Schwarz-Gelb geht in die Offensive Regierung beschließt Initiative für Arbeit und Bildung

Zweieinhalb Wochen vor der Landtagswahl in Nordrhein-Westfalen möchte die schwarz-gelbe Bundesregierung mit einer Initiative für Arbeit und Bildung Handlungsfähigkeit demonstrieren.

Regierung beschließt Initiative für Arbeit und Bildung

Das Bundeskabinett beschloss zahlreiche Maßnahmen zur Arbeits-, Bildungs- und Forschungsförderung: Das Kurzarbeitergeld wird bis März 2012 verlängert und die Vermittlung Langzeitarbeitsloser in den Jobcentern verbessert. Zugleich brachte das Kabinett eine BAföG-Erhöhung um zwei Prozent und ein bundesweites Programm für Stipendien von bis zu 300 Euro auf den Weg, die das Studieren attraktiver machen sollen.

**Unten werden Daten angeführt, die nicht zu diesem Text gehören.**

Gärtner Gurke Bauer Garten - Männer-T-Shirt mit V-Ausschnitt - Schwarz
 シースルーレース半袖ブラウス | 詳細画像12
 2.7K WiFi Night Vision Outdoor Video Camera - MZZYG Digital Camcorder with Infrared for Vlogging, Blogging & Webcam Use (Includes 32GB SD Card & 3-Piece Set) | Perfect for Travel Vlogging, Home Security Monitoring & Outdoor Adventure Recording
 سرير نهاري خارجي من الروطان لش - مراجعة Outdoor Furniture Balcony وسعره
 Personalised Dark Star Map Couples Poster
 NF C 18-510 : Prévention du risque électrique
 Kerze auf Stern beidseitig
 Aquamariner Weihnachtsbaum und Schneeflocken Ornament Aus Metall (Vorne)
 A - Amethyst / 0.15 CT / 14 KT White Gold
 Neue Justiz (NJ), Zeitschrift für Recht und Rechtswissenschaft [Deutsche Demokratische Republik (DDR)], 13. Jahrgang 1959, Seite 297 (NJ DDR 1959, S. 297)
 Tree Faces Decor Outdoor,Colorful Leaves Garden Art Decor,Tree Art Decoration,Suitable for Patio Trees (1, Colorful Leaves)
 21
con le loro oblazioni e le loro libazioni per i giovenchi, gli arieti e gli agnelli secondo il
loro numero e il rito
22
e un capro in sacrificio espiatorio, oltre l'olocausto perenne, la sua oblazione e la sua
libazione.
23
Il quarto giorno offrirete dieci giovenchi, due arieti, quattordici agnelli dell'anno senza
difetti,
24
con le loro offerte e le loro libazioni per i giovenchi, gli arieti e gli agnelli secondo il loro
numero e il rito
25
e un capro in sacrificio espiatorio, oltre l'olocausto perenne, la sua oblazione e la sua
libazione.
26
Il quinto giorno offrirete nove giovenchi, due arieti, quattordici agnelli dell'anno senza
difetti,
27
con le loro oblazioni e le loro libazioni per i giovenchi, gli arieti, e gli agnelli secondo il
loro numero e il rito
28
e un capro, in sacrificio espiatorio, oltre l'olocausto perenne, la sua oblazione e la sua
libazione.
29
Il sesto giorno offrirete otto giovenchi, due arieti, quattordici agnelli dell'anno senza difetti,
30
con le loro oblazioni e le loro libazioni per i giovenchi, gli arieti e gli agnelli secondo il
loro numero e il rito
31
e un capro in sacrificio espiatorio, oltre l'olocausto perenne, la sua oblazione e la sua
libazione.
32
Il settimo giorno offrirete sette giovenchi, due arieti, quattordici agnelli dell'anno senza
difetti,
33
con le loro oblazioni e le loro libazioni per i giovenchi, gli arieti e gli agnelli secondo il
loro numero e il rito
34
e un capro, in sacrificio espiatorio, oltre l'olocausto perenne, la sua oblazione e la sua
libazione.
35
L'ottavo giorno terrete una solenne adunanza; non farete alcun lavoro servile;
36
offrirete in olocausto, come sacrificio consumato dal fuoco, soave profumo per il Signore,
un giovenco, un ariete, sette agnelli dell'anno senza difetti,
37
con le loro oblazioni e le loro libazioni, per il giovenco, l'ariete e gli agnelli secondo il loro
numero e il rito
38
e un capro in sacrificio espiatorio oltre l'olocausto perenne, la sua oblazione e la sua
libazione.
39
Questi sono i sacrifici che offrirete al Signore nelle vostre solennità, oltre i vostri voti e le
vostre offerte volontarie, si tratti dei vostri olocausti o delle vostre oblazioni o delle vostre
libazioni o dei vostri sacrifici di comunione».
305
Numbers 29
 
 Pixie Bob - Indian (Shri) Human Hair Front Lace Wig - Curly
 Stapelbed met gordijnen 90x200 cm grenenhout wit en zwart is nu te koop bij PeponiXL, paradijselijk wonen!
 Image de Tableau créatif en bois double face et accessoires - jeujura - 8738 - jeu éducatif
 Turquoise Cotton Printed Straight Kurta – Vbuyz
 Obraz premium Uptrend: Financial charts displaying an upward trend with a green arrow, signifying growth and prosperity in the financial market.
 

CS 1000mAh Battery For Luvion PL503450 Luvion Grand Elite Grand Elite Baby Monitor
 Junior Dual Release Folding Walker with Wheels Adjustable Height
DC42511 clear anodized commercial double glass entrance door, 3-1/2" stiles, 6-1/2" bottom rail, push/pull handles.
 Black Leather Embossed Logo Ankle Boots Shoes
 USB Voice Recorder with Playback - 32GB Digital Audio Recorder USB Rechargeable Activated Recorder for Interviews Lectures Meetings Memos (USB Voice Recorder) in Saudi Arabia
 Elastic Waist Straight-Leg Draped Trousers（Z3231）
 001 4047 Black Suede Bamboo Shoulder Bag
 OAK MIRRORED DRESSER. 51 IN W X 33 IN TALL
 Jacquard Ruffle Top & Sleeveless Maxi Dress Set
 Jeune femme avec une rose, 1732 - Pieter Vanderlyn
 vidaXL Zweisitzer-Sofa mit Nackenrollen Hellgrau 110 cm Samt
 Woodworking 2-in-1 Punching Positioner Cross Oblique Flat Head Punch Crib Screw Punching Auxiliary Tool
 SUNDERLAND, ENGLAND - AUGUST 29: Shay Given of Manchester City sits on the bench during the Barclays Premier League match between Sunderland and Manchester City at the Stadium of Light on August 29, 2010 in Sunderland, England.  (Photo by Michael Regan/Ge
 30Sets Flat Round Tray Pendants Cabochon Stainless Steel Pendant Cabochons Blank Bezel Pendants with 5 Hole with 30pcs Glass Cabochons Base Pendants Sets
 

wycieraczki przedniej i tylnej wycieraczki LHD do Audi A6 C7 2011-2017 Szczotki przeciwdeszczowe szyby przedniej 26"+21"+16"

"So etwas wie ein kleines Jobwunder"

Wirtschaftsminister Rainer Brüderle (FDP) zeigte sich zugleich optimistisch und machte ein Ende der Krise aus: "Der wirtschaftlich stärkste Einbruch der Nachkriegszeit liegt hinter uns", konstatierte der FDP-Politiker "Deutschland wächst wieder, wir erleben so etwas wie ein kleines Jobwunder."

Arbeitsministerin Ursula von der Leyen lobte, Politik, Arbeitgeber und Arbeitnehmer hätten in Deutschland im Vergleich zu anderen Ländern "außergewöhnlich zusammengehalten". Das verlängerte Kurzarbeitergeld bringe nun Planungssicherheit bis 2012, "und dann ist Schluss".

In den Jobcentern will die Bundesregierung nun insbesondere die Vermittlung Jugendlicher und alleinerziehende Mütter forcieren. So sieht das Gesetzespaket vor, dass "Hartz IV"-Empfänger unter 25 Jahren künftig innerhalb von sechs Wochen verpflichtende Job- oder Ausbildungsangebot erhalten. Die Vermittlungsoffensive ist Teil der Jobcenterreform, die die Zusammenarbeit von Bundesagentur für Arbeit (BA) und Kommunen bei der Betreuung von Langzeitarbeitslosen durch eine Grundgesetzänderung absichert.

"In Wirklichkeit nichts Neues"

Die Opposition warf Schwarz-Gelb Täuschung vor. Die Arbeitsmarktmaßnahmen seien "in Wirklichkeit nichts Neues", monierte SPD-Generalsekretärin Andrea Nahles. Grünen-Fraktionschefin Renate Künast kritisierte, die Regierung täusche "rechtzeitig vor der NRW-Wahl Aktionismus vor, produziert aber nichts als alte Hüte". Linke-Parteivize Katja Kipping sah in den Maßnahmen eine "aufgeblasene Neuauflage bestehender Regelungen".

Mit Blick auf den bildungspolitischen Teil der Kabinettsbeschlüsse sprach Bildungsministerin Annette Schavan von einer "modernen Studienfinanzierung", bei der Bildung nicht an finanziellen Hürden scheitere und zugleich besonderes Engagement honoriert werde. Sie prognostizierte, dass der Kreis der BAföG-Empfänger durch die Verbesserungen um rund 50.000 wachsen werde. Zusätzlich soll die die Zahl der mit Stipendien geförderten Hochschüler von derzeit zwei auf zehn Prozent steigen.

Studenten, Gewerkschaften und Opposition kritisierten die BAföG-Erhöhung dagegen als unzureichend und das Stipendienprogramm als ungerecht. Die Gewerkschaft Erziehung und Wissenschaft (GEW) lehnte die Stipendienförderung als Irrweg ab: "Wir brauchen kein Extra-Taschengeld für eine kleine Elite." Der DGB warnte, die Stipendien würden die Spaltung an den Hochschulen vertiefen. Nach Ansicht des Grünen-Hochschulexperten Kai Gehring bevorzugt das Programm "chancenreiche Akademikerkinder".